Also, the behaviour of search engines with respect to robots.txt and on-page <meta name="robots" content="noindex,nofollow"> tags is inconsistent. For example, Google and Ask Jeeves will list a link (but no title or description) in their results if they find that link anywhere, even if the linked-to page is disallowed in robots.txt and they do not index (load and analyze) that page.
Once you adjust to these hard truths, here are some suggestions which may help:
Dreamquick's suggestion is to protect a subdirectory - let's call it "protected", and then place your content in a subdirectory of yourdomain.com/protected, so let's say the path is yourdomain/protected/secure. In robots.txt, you disallow access to /protected, and therefore to any of the subdirectories below it - which need not be listed in robots.txt. One thing you can do is to name the "protected" subdirectory something that is as utterly uninteresting as possible to a potential intruder on your site.

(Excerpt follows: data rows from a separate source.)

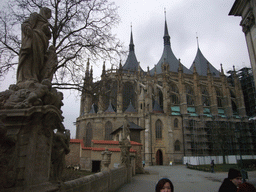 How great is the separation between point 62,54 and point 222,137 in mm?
28883

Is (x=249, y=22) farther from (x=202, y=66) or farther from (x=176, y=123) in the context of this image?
(x=202, y=66)

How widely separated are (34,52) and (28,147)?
1.36 m

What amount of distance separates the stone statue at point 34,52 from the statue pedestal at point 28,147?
0.65 meters

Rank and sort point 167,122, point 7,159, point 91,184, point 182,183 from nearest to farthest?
point 7,159 < point 91,184 < point 182,183 < point 167,122

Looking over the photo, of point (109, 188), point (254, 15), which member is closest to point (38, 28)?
point (109, 188)

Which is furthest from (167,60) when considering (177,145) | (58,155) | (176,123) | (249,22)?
(58,155)

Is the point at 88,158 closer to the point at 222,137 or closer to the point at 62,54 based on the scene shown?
the point at 62,54

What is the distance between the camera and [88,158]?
13398mm

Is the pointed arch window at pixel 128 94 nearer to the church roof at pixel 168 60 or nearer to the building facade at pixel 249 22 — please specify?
the church roof at pixel 168 60

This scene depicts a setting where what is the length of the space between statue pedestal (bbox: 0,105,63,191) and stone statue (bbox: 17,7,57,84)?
65 cm

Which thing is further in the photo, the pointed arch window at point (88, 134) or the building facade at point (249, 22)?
the pointed arch window at point (88, 134)

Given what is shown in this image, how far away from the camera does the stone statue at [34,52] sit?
277 cm

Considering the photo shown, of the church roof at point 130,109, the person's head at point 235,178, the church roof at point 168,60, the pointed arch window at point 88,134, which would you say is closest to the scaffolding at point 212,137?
the church roof at point 130,109

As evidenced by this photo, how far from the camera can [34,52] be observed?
279cm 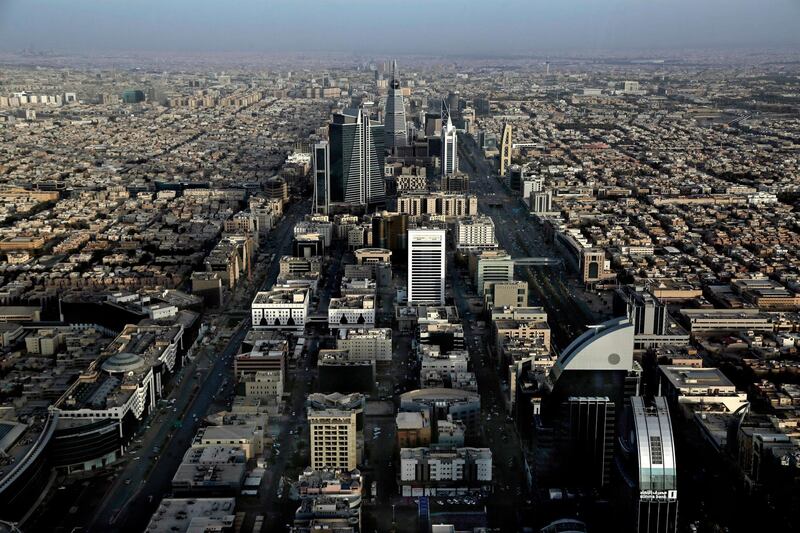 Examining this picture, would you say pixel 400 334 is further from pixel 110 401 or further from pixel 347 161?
pixel 347 161

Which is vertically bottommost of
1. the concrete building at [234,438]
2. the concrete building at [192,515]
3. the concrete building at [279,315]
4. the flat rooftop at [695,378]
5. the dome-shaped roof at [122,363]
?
the concrete building at [192,515]

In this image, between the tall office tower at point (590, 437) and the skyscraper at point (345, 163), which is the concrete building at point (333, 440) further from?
the skyscraper at point (345, 163)

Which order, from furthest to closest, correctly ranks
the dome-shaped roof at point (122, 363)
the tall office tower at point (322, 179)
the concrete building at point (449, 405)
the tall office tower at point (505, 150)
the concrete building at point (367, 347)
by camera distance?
the tall office tower at point (505, 150) < the tall office tower at point (322, 179) < the concrete building at point (367, 347) < the dome-shaped roof at point (122, 363) < the concrete building at point (449, 405)

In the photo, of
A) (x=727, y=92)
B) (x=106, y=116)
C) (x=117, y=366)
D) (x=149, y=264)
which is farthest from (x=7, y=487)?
(x=727, y=92)

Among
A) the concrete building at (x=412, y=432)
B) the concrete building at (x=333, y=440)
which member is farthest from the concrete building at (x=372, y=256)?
the concrete building at (x=333, y=440)

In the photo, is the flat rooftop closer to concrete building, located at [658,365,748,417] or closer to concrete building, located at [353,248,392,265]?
concrete building, located at [658,365,748,417]

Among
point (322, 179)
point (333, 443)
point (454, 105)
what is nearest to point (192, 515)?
point (333, 443)

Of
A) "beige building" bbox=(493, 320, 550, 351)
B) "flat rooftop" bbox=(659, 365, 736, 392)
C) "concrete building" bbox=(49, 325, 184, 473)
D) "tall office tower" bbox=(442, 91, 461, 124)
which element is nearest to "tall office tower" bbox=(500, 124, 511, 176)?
"tall office tower" bbox=(442, 91, 461, 124)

But then there remains the problem of Google and Ask Jeeves, who will list any links they find, regardless of whether they actually access the page. The only ways I've found to stop this annoying behaviour is to "funnel" all access to "private pages" through a "doorway page" which you allow them to index and access, but which contains the on-page <meta name="robots" content="noindex,nofollow"> tag. These search engines - and the others - will then ignore the page and all pages it links to. The other way to do it is to cloak the pages based on user-agents and IP addresses. Cloaking is not recommended unless you have the time to do it thoroughly and carefully. (In a case like this, we are cloaking with the intent to protect our property, rather than any intent to mislead search engines or visitors. Therefore we violate the word, but not the spirit, of search engines' anti-cloaking rules. But we still must be careful not to set off some cloaking-detector alarm the search engines might come up with, because they may not be capable of taking intent into account.)
Bear in mind that links operate independently of site directory structure, that directory structure is what controls .htaccess password protection, and what is used for control in robots.txt, and that file names and URLs need not have any relationship to each other (you can use Redirect and mod_rewrite on Apache, similar controls on other servers, and scripting tricks on all servers to map "purely-fictional" URLs to actual directory and file paths.
Using that fact and the technique above, you may be able to protect your content against script kiddies and amateur criminal hackers, and to keep the search engines from mentioning any links to that content, but is it truly secure? No, not as long as it's web-accessible... :(
HTH,
Jim
Your post answered my questions.
Now I get it. Can't believe I did not think of having 2 levels of directory and only list the FIRST one in the robots.txt.
I think that, along with my other "security" features... I can do what I need to.
Have a good one!
PS. Great :( --- Now I have to redo my directory structure and recode my logic for paths.... <smile>